Le Guide 2020 d’accueil et de référence que le gouvernement remet aux élues et aux élus municipaux ne compte aucune information à propos de l’arrivée d’un bébé dans la vie d’une conseillère ou d’une mairesse en cours de mandat. Une absence symptomatique d’un certain archaïsme dans les lieux du pouvoir public, selon la présidente du RFPM.

« Nous avons investi pour avoir des enfants, au Québec, et de l’autre bord, nous ne donnons pas les outils à nos politiciennes pour qu’elles aient une famille. Nos institutions sont démocratiques, ajoute Manon Therrien : elles ne devraient pénaliser personne qui a le désir de fonder une famille. »

Les dernières élections municipales, en 2021, ont pourtant vu une cohorte sans précédent de femmes portées au pouvoir. Selon l’Union des municipalités du Québec, il y avait 257 mairesses et 2626 conseillères au lendemain du 7 novembre 2021. Celles-ci représentaient, respectivement, 23,6 % et 38,5 % des postes à pourvoir au sein des conseils municipaux du Québec.

En moins de 45 ans, le Québec a fait un bond de géant sur le chemin de la parité. En 1980, par exemple, les mairesses représentaient seulement 1,5 % et les conseillères, 3,8 % des élus. La conciliation des obligations familiales et politiques, toutefois, n’a pas suivi au même rythme, selon plusieurs.

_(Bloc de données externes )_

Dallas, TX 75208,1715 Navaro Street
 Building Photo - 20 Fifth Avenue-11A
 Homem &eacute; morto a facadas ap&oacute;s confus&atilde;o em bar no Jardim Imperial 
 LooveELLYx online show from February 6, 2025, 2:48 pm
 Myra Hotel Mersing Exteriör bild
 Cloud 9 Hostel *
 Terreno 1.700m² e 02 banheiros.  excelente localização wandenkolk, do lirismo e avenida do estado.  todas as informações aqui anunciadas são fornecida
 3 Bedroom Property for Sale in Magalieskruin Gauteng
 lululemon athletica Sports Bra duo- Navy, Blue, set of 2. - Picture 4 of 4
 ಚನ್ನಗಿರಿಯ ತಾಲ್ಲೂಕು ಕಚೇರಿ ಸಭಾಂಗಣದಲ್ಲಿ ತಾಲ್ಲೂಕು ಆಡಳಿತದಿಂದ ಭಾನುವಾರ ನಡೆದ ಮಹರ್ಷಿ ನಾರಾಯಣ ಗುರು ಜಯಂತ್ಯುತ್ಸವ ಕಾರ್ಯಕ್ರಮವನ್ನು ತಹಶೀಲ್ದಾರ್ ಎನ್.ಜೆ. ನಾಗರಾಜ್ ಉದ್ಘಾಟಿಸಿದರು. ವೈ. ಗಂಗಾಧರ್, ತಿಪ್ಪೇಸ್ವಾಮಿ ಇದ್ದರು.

Une enquête de la Fédération québécoise des municipalités montrait, en 2017, que 36 % des élus de moins de 45 ans, hommes et femmes confondus, éprouvaient « souvent ou toujours » de la difficulté à concilier le travail et la famille. Cette réalité se fait particulièrement ressentir dans les petites localités, où le salaire de maire ou de conseiller ne suffit souvent pas à subvenir à ses besoins. Les élus doivent alors jongler avec leur rôle politique, leur carrière professionnelle et leur vie familiale — un équilibre qui relève de la haute voltige, même dans les grandes villes, selon Jackie Smith.

« Tout ce que nous faisons maintenant, il va falloir continuer à le faire, mais avec un bébé. Ça va être un défi de taille, projette-t-elle. Nous allons passer à travers, mais je ne veux pas non plus que ça crée un précédent et que les gens se disent : “Jackie Smith a tout fait ça avec son bébé, pourquoi avons-nous besoin d’un congé de maternité ?” »

La réponse se trouve peut-être à l’entrée même de l’hôtel de ville de Québec. De chaque côté du couloir qui traverse l’édifice centenaire figurent les portraits des maires qui ont, depuis Elzéar Bédard en 1833, dirigé la capitale. Au milieu de 36 hommes, une seule mairesse apparaît : Andrée Boucher, seule et unique femme à avoir tenu les rênes de Québec. Elle l’a fait pendant 21 mois à peine, une exception qui confirme des règles à l’avantage des hommes depuis bientôt deux siècles.